**What is needed**
From the entries below, reproduce exactly the line containing "Butterfly on Caged Rock", the line containing "Vinca minor image", and every line in between, with nothing added.

**Records for this exercise**
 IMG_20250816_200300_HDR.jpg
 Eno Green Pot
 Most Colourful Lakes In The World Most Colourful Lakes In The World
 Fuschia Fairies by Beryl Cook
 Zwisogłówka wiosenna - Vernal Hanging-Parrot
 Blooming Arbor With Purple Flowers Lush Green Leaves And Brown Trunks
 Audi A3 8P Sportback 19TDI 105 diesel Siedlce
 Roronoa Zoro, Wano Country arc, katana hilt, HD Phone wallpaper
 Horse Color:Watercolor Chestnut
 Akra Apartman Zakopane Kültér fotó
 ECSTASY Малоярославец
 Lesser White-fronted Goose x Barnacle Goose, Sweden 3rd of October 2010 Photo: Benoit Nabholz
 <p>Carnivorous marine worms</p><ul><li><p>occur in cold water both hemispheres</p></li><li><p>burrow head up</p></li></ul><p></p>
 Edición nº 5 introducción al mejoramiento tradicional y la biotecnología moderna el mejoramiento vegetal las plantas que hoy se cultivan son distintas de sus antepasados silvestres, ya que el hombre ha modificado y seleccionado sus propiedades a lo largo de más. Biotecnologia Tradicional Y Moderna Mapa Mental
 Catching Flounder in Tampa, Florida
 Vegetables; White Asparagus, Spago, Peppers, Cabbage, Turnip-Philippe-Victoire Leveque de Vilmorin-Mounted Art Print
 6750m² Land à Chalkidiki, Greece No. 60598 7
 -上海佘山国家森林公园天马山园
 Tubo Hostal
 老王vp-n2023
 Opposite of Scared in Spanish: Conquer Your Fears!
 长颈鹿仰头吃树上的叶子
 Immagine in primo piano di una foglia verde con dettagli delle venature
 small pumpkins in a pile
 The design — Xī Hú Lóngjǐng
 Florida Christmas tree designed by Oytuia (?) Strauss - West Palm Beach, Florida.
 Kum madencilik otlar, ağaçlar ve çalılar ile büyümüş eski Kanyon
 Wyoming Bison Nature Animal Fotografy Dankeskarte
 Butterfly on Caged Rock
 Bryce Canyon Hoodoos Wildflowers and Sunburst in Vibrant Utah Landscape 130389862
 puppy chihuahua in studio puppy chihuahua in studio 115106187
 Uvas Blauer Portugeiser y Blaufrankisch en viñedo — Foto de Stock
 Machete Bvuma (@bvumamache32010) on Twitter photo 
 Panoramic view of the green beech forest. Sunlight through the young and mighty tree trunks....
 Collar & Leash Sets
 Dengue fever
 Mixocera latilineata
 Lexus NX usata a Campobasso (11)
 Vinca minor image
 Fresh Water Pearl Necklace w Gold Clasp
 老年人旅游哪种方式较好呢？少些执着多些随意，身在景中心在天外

**Response area**
 Butterfly on Caged Rock
 Bryce Canyon Hoodoos Wildflowers and Sunburst in Vibrant Utah Landscape 130389862
 puppy chihuahua in studio puppy chihuahua in studio 115106187
 Uvas Blauer Portugeiser y Blaufrankisch en viñedo — Foto de Stock
 Machete Bvuma (@bvumamache32010) on Twitter photo 
 Panoramic view of the green beech forest. Sunlight through the young and mighty tree trunks....
 Collar & Leash Sets
 Dengue fever
 Mixocera latilineata
 Lexus NX usata a Campobasso (11)
 Vinca minor image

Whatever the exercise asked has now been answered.